Dans ce livre,
Bachelard essaye de développer une thèse qui correspond sans trop de surprise à son esprit philosophique général, favorable à l'anti-réalisme et à l'éristique (au sens particulier qu'il entend). En effet, de Bergson, il accepte tout, sauf la continuité de la durée, qu'il prendra plutôt pour une métaphore (sens non-péjoratif), pour un effet de superpositions temporelles dialectiques impliquant une discontinuité qui ne sera jamais véritablement compensée par les efforts psychiques d'instauration de cette continuité métaphorique.

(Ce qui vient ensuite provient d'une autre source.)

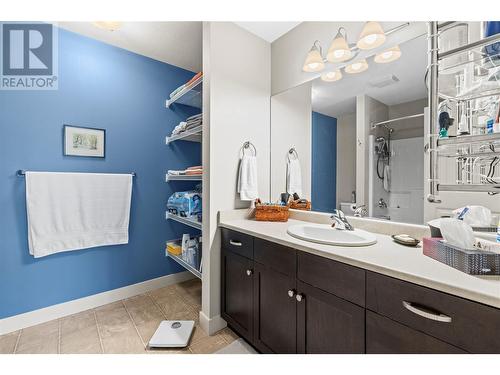 4900 Heritage Drive Unit# 303, Vernon, BC - Indoor Photo Showing Bathroom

La fonction de cet essai est donc de montrer que la durée – on parle bien de la durée elle-même, plutôt psychologique, et non du temps au sens bergsonien – est discontinue, dialectique, épaisse de superpositions. Pour
Bachelard – ce n'est pas une surprise – l'être est associé à un devenir gnoséologique et le temps s'avère être une possibilité. Sa dialectique n'est pas d'ordre logique, comme il insiste, mais d'ordre temporel : il citera d'ailleurs Dupréel, pour qui l'intervalle entre une cause A et un effet B est nécessairement temporel et pour qui il représente une possibilité probabiliste qui n'est pas elle-même d'ordre causal. Face à l'objection réaliste, qui affirme que ce n'est pas parce que l'apprentissage de la causalité est discontinu que la causalité elle-même l'est,
Bachelard a précédemment montré que l'élimination, issue d'un travail préalable sur l'expérience scientifique à concevoir et à organiser, élimine bien des accidents, de telle sorte que la réussite de l'expérience montre bien que ces détails n'ont pas d'influence causale temporelle dans ce cadre, et qu'il faut donc éliminer, pour la science, cette continuité.

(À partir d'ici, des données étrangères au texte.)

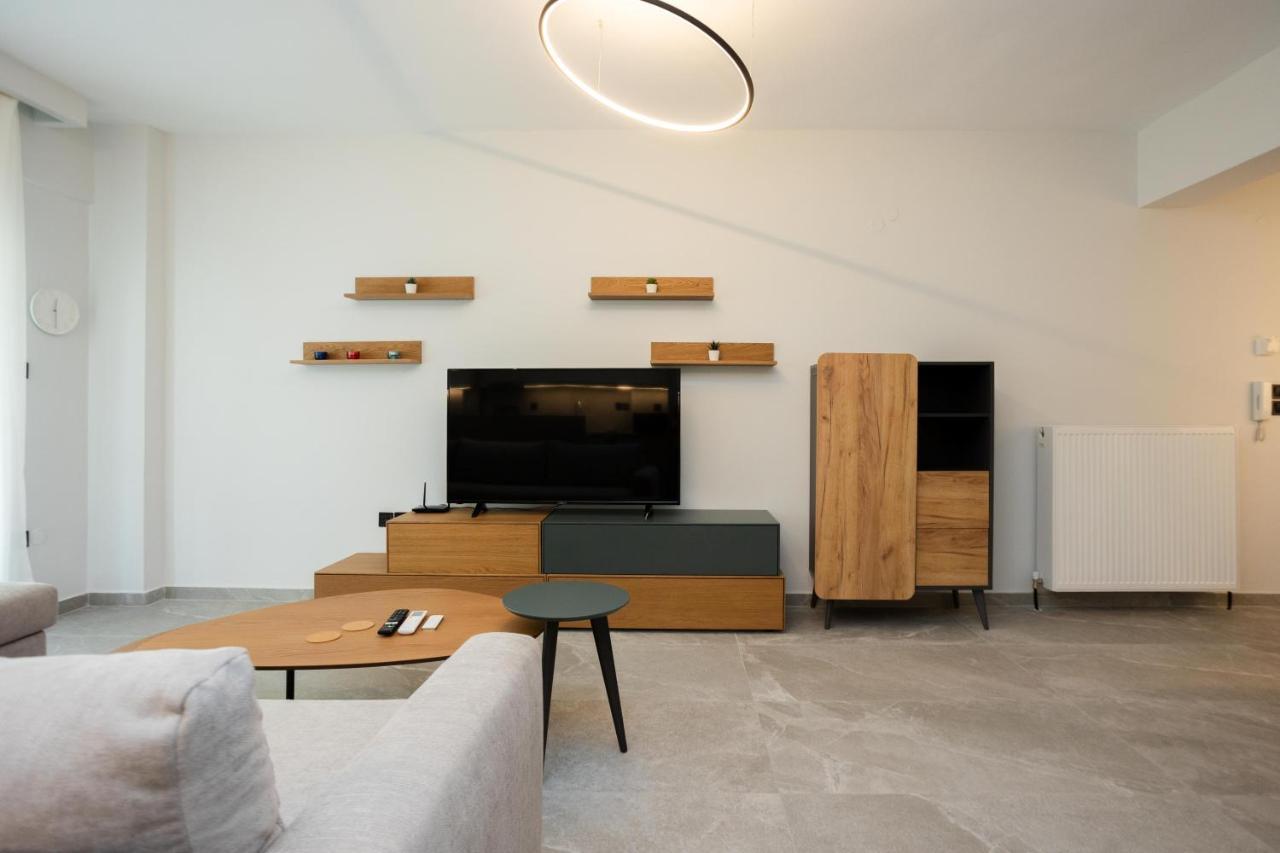 Elegance Apartment 2 Bedroom Suites Thessaloniki Exterior photo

Bachelard insistera ensuite sur cette fameuse superposition temporelle : les actes peuvent se prendre en puissance mathématique, par exemple il y a la (feinte)3 , qui consiste à feindre de feindre de feindre, et qui n'est pas la même chose qu'un retour à la simple feinte (justement parce qu'il s'agit d'une dialectique temporelle et non logique ;
Bachelard cite l'exemple de l'étudiant qui, pour répondre favorablement à un pari, surjoue un intérêt au cours pour que le professeur pense qu'il feint de s'y intéresser alors qu'il s'y intéresse en vérité véritablement ; dans cet exemple, il n'y a pas un simple retour à l'état de simple feinte). Et pour
Bachelard, cette troisième puissance, c'est véritablement le début de l'idéalisme et du repos, car ce sont là qu'apparaissent les problématiques propres à cette dialectique de la durée. On termine sur la rythmanalyse, comparée à la psychanalyse.
Bachelard dira que la substance ne se développe pas sous la forme du rythme mais que c'est le rythme régulier qui apparaît sous une forme d'attribut matériel déterminé.

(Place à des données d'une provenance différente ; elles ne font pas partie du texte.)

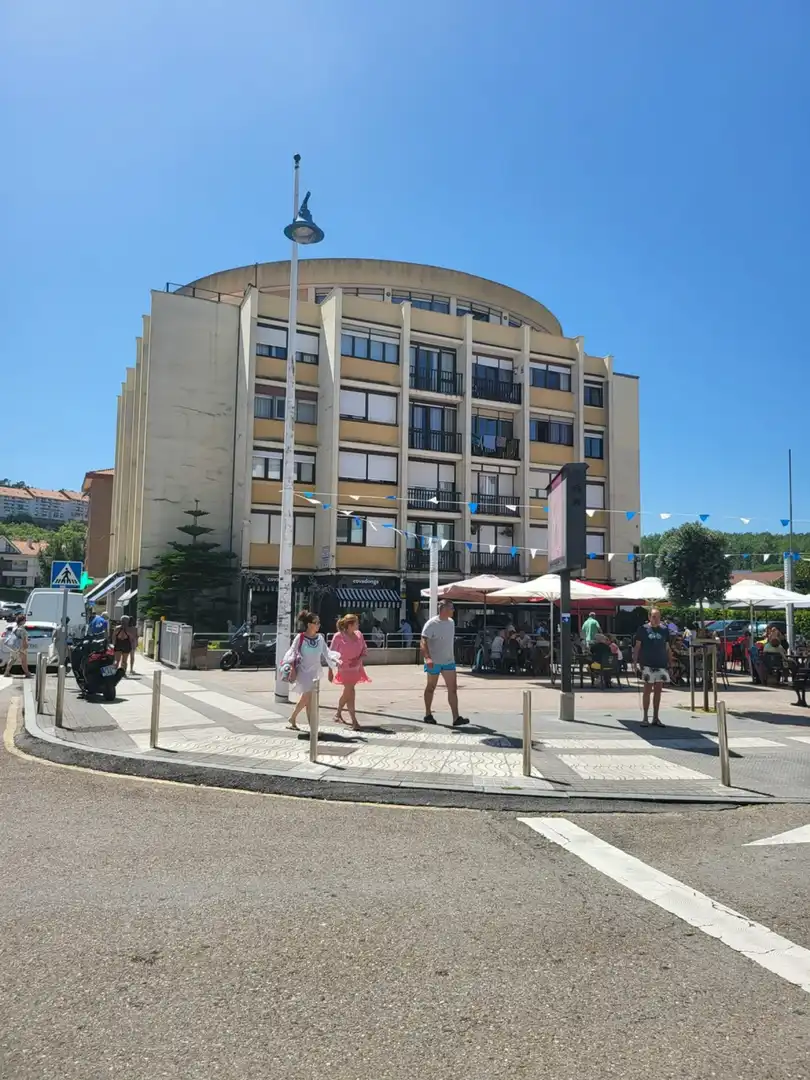 Vista exterior de Pis en venda en Suances amb Calefacció i Terrassa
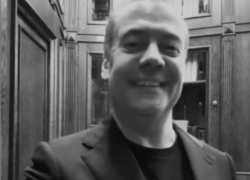 «Жирный кусок г*вна»: Дмитрий Медведев «причесал» главу ВСУ и западных политиков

Au final, il s'agit d'un essai classique, avec une argumentation tout à fait pertinente. L'approche est en revanche un peu trop semblable à un « catalogue », malgré une succession cohérente des chapitres.
Bachelard étudie à chaque fois une référence particulière afin de l'intégrer dans sa propre argumentation. Il loue souvent les auteurs qu'il cite. Globalement, il s'agit d'un essai très clair.